1ª - O A. propôs a presente acção contra os primitivos RR. pedindo que fossem condenados: (i) a reconhecer a sua qualidade de proprietário e (ii) a entregar-lhe dois prédios rústicos sitos na Comarca de S. João da Pesqueira;

2ª - Alegou o A. que o direito de propriedade dos dois prédios lhe havia sido atribuído no processo de inventário aberto por óbito de DD e mulher EE, a cujo património pertenciam aqueles imóveis;

3ª - Os RR. contestaram, afirmando serem eles - e não o A. - os proprietários dos prédios reivindicados, por os terem adquirido originariamente por usucapião;

4ª - Em momento muito anterior ao da propositura deste processo, os primitivos RR. tinham obtido ganho de causa em acção de preferência em que invocaram o direito de que eram titulares como arrendatários dos dois prédios, relativamente à venda de quinhões hereditários a que haviam procedido alguns dos herdeiros de DD e EE a favor de FF e mulher;

5ª - A sentença da acção de preferência (que atribuiu aos RR. o direito de propriedade dos dois prédios, substituindo-os aos adquirentes FF e mulher) não é oponível ao A., que não interveio nem na acção em que ela foi proferida, nem no negócio relativamente ao qual foi exercido o direito de preferência;

6ª - A inoponibilidade ao A. da sentença proferida na acção de preferência está definitivamente julgada;

7ª - Os RR. pretenderam ser admitidos a intervir no inventário, ocupando nele o lugar do cessionário de quinhões hereditários FF, mas essa pretensão foi indeferida;

8ª - Demonstrada a adjudicação dos dois prédios ao A. e comprovado ser-lhe inoponível a sentença da acção de preferência, na falta de impugnação da aquisição derivada, a acção deveria ter sido julgada procedente, por provada;

9ª - Os RR. não adquiriram, por usucapião, os prédios reivindicados pelo A., pois não ocorreu a inversão do título da posse - nem os possuíram, com ânimo de proprietários, pelo necessário prazo;

10ª - Entre 1 de Janeiro de 1971 e a decisão final da acção de preferência, corporizada no douto acórdão deste Colendo Supremo Tribunal de Justiça de 8 de Abril de 1987, os RR., quando muito (e nem isso provaram...) terão possuído os prédios como arrendatários, em nome da sua senhoria, que era a herança indivisa de DD e mulher;

11ª - Logo no inventário aberto, em 1987, por óbito de DD e mulher, verificou-se a oposição do A. ao direito invocado pelos RR., tendo estes requerido, em 1994, a sua intervenção naquele processo, no qual foram relacionados, descritos e partilhados os dois prédios, não tendo a partir dessa data cessado os litígios entre o A. e os RR. relativamente aos imóveis reivindicados;

12ª - Os RR. não lograram convencer o Mmo.

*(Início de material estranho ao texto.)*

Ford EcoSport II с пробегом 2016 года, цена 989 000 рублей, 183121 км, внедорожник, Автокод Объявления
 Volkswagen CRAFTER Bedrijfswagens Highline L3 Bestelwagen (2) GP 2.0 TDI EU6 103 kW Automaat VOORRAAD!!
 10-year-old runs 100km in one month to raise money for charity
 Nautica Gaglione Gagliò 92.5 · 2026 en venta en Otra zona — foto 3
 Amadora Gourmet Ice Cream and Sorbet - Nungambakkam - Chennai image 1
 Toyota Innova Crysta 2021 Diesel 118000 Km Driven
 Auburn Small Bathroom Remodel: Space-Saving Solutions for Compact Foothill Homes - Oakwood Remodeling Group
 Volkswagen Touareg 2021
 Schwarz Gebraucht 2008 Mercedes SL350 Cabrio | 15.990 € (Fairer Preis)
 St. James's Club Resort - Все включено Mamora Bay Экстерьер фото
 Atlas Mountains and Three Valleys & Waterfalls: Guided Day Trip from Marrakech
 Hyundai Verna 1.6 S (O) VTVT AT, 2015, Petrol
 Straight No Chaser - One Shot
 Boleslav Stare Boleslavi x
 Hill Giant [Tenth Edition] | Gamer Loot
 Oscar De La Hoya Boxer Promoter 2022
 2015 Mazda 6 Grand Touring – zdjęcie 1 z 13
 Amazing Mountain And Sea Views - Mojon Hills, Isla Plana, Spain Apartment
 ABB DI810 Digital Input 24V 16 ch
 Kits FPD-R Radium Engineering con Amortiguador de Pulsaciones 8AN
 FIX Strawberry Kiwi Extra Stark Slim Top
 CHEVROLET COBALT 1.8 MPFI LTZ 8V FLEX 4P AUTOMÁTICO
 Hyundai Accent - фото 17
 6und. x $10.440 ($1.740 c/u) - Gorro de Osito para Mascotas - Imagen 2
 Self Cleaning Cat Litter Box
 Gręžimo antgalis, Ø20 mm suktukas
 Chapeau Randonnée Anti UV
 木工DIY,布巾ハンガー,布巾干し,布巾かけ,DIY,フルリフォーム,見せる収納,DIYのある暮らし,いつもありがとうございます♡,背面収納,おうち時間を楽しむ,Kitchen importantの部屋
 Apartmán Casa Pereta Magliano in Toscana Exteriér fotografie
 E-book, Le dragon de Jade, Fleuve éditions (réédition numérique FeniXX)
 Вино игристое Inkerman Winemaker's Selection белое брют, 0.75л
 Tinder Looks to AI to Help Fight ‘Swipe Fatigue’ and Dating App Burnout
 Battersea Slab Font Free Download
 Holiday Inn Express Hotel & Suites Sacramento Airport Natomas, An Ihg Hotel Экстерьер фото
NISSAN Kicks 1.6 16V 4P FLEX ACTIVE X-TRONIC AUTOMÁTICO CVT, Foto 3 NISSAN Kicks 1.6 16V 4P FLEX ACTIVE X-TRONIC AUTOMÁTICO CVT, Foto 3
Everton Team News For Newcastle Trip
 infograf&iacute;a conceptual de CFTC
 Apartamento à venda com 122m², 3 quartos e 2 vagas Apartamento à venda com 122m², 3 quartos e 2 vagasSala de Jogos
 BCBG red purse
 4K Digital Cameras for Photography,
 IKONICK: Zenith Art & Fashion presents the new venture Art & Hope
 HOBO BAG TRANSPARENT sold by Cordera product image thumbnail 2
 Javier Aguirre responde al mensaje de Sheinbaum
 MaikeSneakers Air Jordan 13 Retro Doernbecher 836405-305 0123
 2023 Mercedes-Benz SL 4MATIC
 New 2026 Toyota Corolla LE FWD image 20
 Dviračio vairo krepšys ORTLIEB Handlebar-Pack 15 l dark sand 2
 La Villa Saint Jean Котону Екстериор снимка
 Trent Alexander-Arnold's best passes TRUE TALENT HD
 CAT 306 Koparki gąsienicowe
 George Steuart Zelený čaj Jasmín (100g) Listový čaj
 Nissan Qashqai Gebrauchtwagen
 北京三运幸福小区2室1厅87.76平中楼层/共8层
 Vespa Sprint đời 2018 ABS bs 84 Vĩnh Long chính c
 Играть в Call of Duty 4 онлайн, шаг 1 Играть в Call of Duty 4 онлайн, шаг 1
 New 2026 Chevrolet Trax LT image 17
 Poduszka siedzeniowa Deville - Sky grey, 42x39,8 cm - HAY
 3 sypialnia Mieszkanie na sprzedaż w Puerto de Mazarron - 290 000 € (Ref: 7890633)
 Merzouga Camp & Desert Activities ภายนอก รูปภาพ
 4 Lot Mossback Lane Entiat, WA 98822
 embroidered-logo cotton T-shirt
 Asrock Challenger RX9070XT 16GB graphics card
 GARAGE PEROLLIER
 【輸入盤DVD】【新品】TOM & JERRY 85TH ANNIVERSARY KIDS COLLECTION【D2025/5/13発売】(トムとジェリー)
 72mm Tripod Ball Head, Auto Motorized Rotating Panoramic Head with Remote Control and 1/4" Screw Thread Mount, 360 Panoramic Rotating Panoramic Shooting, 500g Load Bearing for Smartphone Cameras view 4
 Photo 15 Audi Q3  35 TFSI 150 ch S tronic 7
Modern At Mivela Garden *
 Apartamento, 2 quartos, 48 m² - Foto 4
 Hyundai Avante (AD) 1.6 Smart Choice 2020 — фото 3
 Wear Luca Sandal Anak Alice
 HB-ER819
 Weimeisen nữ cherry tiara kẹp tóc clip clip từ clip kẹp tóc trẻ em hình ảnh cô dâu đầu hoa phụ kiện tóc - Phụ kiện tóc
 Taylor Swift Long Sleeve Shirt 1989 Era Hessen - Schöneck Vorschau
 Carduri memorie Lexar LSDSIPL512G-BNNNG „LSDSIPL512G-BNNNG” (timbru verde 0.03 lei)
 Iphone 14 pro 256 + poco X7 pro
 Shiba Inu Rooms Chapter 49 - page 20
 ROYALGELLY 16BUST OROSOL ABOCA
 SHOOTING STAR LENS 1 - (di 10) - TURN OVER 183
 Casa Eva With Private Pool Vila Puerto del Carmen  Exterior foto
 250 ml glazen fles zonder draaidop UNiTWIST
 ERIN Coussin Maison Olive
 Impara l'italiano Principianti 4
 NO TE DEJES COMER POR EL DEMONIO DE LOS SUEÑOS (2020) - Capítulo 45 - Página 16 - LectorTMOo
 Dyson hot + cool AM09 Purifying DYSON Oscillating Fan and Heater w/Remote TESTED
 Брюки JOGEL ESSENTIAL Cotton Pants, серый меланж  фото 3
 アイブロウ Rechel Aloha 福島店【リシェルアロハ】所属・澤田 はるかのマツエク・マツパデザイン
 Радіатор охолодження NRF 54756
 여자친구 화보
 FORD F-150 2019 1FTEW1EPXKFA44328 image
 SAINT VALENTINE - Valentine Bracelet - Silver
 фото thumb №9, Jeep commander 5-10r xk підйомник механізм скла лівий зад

Juiz da 1ª Instância de que desconheciam a existência do A. e a sua qualidade de herdeiro de DD e mulher e que não sabiam estar a prejudicá-lo com a decisão da acção de preferência, pelo que não poderão ser classificados como possuidores de boa fé;

13ª - Os RR. não invocaram que a sua actuação material correspondesse ao animus de proprietários dos imóveis, razão por que não se inverteu o título da posse, que era reconhecidamente exercida em nome da senhoria;

14ª - Porque, nesta acção, os RR. não invocaram a relação obrigacional locatícia para obstarem à entrega dos prédios ao A., deve, igualmente, ser julgado procedente o correspondente pedido;

15ª - O, aliás douto, acórdão recorrido alcançou soluções distintas para os dois prédios, julgando a acção procedente quanto ao “Rijadouro” e improcedente quanto ao “Vilela”, a despeito de serem iguais as vicissitudes ocorridas relativamente ao direito de propriedade de ambos;

16ª - A única diferença - material - reside na tipologia e profundidade dos trabalhos agrícolas desenvolvidos pelos RR. em cada um dos prédios, o que não é critério para determinar a verificação da excepção da usucapião;

17ª - O, aliás douto, acórdão recorrido, procedeu a errada interpretação e aplicação dos art.ºs 1252°, 1260º e 1311° do Código Civil.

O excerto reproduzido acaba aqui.